Every Rays fan remembers those days when Carlos Pena was a superstar. He blasted 46 home runs in 2007 before hitting 31 home on the Rays’ improbable 2008 run, and then he tied for the AL lead in homers in 2009 with 39 despite missing the last couple weeks of the season with a wrist injury. But the an he hit .196 with just 28 longballs in 2010, and all of a sudden he was gone. However, after posting a .225/.357/.462 line for the Cubs in 2011 with 28 home runs and 27 doubles, Carlos Pena is back in St. Petersburg. But considering he turns 34 in May, what does he have left in the tank?

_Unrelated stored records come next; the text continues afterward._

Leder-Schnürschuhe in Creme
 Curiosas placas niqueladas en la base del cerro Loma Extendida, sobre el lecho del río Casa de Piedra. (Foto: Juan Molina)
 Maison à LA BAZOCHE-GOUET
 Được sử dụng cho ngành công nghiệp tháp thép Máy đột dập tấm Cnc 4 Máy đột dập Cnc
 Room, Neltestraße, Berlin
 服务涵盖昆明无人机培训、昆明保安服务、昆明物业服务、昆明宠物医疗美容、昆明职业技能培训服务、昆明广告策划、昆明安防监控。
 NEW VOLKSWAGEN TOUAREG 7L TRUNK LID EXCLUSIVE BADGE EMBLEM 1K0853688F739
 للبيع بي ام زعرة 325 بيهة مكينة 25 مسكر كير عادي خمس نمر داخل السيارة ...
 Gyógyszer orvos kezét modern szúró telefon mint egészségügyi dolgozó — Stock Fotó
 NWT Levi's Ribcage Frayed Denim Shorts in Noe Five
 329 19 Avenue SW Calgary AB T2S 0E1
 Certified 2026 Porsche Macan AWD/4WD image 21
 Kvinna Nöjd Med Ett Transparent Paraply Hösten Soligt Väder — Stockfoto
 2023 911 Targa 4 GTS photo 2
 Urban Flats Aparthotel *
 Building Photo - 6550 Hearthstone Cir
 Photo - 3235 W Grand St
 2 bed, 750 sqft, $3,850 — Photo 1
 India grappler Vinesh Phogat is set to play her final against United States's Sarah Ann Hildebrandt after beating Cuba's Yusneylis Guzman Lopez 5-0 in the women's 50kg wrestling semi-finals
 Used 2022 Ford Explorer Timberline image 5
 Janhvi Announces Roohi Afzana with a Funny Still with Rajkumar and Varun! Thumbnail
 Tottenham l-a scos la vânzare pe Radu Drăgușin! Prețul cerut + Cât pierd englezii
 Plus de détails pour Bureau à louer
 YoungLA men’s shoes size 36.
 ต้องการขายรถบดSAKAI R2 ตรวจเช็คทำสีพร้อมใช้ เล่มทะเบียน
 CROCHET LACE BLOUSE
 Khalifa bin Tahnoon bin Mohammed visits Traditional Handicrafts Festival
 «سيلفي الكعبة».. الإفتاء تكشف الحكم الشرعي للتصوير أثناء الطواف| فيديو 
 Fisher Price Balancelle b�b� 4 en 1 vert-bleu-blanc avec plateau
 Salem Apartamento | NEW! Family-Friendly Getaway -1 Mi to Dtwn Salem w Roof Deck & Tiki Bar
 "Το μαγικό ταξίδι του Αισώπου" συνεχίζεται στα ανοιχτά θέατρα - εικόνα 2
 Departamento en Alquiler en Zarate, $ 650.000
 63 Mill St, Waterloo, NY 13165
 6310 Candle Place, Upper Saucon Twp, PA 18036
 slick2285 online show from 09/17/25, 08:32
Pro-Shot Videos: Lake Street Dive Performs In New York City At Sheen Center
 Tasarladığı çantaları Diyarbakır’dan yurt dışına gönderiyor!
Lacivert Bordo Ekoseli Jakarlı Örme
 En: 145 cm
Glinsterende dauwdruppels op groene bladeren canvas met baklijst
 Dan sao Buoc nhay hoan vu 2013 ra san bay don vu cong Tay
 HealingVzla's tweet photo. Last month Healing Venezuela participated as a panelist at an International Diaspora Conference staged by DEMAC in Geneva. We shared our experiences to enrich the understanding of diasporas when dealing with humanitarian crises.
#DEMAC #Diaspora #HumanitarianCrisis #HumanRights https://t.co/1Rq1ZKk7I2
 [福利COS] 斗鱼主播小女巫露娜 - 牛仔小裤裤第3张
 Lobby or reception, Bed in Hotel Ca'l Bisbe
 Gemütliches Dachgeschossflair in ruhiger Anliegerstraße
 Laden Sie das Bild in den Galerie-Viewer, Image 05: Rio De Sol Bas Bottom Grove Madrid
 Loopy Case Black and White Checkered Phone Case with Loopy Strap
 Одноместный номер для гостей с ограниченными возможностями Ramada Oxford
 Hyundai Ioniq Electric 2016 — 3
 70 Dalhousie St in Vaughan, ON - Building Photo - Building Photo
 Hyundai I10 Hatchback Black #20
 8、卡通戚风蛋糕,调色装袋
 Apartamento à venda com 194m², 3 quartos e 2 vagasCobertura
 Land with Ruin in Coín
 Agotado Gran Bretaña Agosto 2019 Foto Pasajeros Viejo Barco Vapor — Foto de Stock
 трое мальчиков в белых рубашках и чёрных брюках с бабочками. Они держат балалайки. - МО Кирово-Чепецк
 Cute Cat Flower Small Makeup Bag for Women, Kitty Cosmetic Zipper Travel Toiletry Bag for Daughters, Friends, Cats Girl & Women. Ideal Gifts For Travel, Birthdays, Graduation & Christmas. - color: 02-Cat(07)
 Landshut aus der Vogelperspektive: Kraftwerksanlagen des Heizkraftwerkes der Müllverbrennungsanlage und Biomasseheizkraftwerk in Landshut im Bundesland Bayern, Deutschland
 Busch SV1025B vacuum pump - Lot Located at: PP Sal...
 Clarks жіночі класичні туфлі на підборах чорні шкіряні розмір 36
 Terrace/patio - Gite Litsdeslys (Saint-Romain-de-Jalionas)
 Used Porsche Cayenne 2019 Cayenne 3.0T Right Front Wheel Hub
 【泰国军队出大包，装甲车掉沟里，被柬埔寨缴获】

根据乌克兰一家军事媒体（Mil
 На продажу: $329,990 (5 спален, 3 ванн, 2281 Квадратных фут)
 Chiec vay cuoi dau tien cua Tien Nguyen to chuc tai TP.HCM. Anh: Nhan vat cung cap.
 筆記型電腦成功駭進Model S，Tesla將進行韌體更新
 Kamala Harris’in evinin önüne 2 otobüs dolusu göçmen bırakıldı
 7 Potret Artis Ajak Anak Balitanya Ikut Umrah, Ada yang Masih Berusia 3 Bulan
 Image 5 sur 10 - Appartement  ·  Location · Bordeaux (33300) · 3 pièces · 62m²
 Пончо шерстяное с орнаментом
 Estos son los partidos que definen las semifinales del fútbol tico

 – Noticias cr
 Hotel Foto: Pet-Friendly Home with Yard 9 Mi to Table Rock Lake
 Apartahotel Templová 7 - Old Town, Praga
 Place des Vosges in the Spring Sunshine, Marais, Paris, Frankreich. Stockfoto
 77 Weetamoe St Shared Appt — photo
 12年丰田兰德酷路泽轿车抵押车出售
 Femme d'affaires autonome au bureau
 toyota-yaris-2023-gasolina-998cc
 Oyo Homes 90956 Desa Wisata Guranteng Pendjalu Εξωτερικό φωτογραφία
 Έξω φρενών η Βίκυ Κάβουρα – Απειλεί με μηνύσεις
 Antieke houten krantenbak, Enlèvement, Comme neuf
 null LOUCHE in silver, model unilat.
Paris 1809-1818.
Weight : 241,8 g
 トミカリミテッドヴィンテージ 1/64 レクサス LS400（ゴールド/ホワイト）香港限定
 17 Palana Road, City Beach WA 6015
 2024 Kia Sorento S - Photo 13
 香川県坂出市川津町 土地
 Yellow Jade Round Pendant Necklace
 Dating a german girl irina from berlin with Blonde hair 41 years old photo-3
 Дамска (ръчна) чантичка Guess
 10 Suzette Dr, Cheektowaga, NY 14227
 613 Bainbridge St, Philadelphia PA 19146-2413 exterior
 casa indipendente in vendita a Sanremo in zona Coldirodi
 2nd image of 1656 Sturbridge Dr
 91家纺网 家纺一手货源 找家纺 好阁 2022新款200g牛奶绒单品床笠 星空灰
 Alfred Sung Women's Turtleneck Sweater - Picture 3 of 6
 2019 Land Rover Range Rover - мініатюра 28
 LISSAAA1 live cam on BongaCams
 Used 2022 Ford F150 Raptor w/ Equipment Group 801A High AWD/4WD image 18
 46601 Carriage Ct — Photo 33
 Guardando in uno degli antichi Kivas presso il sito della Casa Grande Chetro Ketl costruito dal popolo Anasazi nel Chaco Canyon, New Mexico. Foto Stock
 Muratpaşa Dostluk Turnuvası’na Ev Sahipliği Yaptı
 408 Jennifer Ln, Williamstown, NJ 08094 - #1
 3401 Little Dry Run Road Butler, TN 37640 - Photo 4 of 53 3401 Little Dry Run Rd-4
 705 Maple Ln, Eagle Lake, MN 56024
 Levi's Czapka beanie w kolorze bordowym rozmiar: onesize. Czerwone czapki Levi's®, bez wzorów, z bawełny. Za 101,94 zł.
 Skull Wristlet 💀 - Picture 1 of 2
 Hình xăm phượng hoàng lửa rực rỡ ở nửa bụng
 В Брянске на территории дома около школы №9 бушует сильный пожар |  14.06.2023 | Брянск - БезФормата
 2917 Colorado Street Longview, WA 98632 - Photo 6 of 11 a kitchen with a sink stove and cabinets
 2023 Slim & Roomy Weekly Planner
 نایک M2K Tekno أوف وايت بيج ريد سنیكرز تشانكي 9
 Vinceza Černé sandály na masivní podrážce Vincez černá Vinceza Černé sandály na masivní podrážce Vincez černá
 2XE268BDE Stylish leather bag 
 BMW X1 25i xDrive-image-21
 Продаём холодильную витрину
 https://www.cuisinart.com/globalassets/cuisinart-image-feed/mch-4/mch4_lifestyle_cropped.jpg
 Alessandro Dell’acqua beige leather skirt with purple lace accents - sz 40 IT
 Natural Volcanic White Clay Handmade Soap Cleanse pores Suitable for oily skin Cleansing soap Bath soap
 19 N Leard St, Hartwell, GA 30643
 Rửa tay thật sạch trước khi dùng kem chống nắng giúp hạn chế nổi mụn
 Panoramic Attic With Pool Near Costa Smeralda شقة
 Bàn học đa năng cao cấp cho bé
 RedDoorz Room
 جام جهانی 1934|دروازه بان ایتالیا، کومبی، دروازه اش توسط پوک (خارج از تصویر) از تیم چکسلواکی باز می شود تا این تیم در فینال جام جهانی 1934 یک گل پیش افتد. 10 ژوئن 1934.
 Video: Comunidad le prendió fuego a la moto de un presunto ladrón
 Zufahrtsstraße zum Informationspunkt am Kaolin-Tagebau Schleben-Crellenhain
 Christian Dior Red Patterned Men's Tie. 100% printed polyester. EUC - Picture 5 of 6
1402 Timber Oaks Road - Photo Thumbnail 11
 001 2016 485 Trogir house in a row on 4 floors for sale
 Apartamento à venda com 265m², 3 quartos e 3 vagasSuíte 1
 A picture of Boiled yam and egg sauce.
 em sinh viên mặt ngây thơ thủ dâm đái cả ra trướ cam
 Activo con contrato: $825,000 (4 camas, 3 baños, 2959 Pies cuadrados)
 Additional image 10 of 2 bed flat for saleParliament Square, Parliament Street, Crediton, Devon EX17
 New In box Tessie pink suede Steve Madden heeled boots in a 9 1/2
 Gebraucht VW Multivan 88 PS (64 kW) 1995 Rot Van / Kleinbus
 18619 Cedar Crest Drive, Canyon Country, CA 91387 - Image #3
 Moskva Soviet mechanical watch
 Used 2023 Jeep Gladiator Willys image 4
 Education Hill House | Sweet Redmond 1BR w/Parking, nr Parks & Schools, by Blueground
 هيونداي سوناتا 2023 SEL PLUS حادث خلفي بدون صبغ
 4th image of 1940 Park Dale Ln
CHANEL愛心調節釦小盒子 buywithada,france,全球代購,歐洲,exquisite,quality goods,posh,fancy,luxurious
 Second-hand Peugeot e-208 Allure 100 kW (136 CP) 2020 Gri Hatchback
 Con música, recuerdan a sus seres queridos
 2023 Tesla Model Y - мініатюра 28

A common refrain is that Pena was much better in the second half of 2011 for the Cubs than he was in the first half. In the first half, Pena posted a .225/.339/.461 line in 87 games. In the second half, Pena’s line was .225/.380/.464 in 66 games. Pena went from 8 doubles and 19 homers in the first half to 19 doubles and 9 homers in the second. There was definitely some tangible improvement, but it was more in discipline than anything else. In the first half, Pena struck out 88 times (25.9% of his plate appearances) while walking 49 times (14.4%). In the second half, Pena struck out 73 times (27.4% of his plate appearances), but walked 52 times (19.5%). What does all this mean for Pena in 2012? Pena’s overall strikeout rate in 2011, 26.6% of his plate appearances, was his lowest since his ridiculous 2007 season. His walk rate, 16.7% of his PA’s was his highest since ’07. That’s a very good development for Pena moving forward.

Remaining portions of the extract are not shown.